Sunday, July 13, 2014

The Bigger the Mouth the Tinier the Balls

I have pointed out several times the great contempt I have for some of the well-known bloggers in the Manosphere (who, as I also pointed out) are only popular because of their readers).

Let's take the concept of women liking "insanely confident" men. Do tell.

I know a man who was an American mercenary in Rhodesia. Killed a lot of stupid people fighting for the Commie side.

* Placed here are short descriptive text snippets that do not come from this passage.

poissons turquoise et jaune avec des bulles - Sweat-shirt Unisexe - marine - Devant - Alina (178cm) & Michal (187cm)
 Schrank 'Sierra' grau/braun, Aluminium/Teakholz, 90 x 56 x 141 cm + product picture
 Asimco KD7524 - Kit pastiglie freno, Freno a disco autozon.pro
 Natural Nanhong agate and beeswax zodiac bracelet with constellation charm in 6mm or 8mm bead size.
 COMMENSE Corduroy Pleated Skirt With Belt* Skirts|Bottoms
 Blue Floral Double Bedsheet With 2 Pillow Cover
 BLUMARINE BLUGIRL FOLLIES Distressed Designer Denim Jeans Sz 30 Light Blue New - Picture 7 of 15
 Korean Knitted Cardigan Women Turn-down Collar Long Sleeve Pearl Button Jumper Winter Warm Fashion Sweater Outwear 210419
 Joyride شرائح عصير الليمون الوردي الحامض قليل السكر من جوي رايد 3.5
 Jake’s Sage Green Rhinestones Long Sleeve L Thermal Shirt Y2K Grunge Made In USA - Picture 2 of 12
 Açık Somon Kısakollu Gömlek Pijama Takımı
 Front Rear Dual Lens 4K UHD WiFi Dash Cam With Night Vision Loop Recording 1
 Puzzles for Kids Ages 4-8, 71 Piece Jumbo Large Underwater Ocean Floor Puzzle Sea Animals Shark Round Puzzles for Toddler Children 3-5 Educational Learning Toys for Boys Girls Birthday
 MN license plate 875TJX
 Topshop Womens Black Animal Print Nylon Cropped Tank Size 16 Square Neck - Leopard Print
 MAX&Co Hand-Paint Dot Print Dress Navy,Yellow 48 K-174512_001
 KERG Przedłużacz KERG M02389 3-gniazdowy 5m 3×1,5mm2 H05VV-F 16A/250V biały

He wasn't "insanely confident." In fact, he was a pretty quiet guy, and after he was done being a mercenary he worked as a head of security. He told me he treated the drug dealers and pimps with respect and he had no problems with any of them. "This side of the street is my territory, and that side is yours. You stay on your side and I'll stay on mine and we will get along just fine."

He once told me before a battle in Rhodesia one guy was bragging ("insane confidence," you know) what a badass he was and how he was going to screw the enemy. Blah, blah, blah.

Yet when the shooting started he flew back to camp and didn't stop running until he got there.

I've noticed this since middle school. The bigger the mouth the less the substance. Or as Sam Spade told Wilmer the Gunsel in The Maltese Falcon, "The gaudier the hood the cheaper the patter."

I am only concerned about the quiet guys. The loudmouths are as empty as balloons on the inside.

The bigger the mouth the tinier the balls.

Talk in not just cheap. It's nothing. Action is what matters.